[Stored items]
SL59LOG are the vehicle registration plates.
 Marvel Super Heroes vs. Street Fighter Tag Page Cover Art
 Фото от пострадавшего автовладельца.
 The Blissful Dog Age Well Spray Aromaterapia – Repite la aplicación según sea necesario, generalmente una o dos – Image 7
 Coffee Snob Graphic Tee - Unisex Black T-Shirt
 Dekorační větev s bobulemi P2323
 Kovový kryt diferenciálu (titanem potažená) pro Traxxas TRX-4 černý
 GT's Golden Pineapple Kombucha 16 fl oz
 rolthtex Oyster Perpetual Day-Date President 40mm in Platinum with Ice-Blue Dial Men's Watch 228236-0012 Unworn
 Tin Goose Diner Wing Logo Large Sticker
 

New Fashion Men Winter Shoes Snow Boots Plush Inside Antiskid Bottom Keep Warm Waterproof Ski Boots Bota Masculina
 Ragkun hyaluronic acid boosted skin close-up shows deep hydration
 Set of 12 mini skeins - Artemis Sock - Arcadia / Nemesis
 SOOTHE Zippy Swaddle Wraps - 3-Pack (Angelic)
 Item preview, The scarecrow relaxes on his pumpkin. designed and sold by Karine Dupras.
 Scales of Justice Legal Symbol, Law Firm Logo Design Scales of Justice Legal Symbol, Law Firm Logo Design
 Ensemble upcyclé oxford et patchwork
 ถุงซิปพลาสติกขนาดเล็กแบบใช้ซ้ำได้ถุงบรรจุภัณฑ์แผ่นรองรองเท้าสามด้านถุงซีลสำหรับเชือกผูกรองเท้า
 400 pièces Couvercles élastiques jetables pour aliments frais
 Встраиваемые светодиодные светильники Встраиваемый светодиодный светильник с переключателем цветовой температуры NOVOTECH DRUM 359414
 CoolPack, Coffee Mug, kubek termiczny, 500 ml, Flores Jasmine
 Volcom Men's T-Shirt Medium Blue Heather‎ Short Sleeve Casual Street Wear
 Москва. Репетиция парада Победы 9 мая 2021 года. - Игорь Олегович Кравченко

* _PROBLEM TO WORK ON_
Reproduce the line containing "Ragkun hyaluronic acid" and every line after it. Stop at the last line of the records, and add nothing.

* _SOLUTION FOR THIS TASK_
 Ragkun hyaluronic acid boosted skin close-up shows deep hydration
 Set of 12 mini skeins - Artemis Sock - Arcadia / Nemesis
 SOOTHE Zippy Swaddle Wraps - 3-Pack (Angelic)
 Item preview, The scarecrow relaxes on his pumpkin. designed and sold by Karine Dupras.
 Scales of Justice Legal Symbol, Law Firm Logo Design Scales of Justice Legal Symbol, Law Firm Logo Design
 Ensemble upcyclé oxford et patchwork
 ถุงซิปพลาสติกขนาดเล็กแบบใช้ซ้ำได้ถุงบรรจุภัณฑ์แผ่นรองรองเท้าสามด้านถุงซีลสำหรับเชือกผูกรองเท้า
 400 pièces Couvercles élastiques jetables pour aliments frais
 Встраиваемые светодиодные светильники Встраиваемый светодиодный светильник с переключателем цветовой температуры NOVOTECH DRUM 359414
 CoolPack, Coffee Mug, kubek termiczny, 500 ml, Flores Jasmine
 Volcom Men's T-Shirt Medium Blue Heather‎ Short Sleeve Casual Street Wear
 Москва. Репетиция парада Победы 9 мая 2021 года. - Игорь Олегович Кравченко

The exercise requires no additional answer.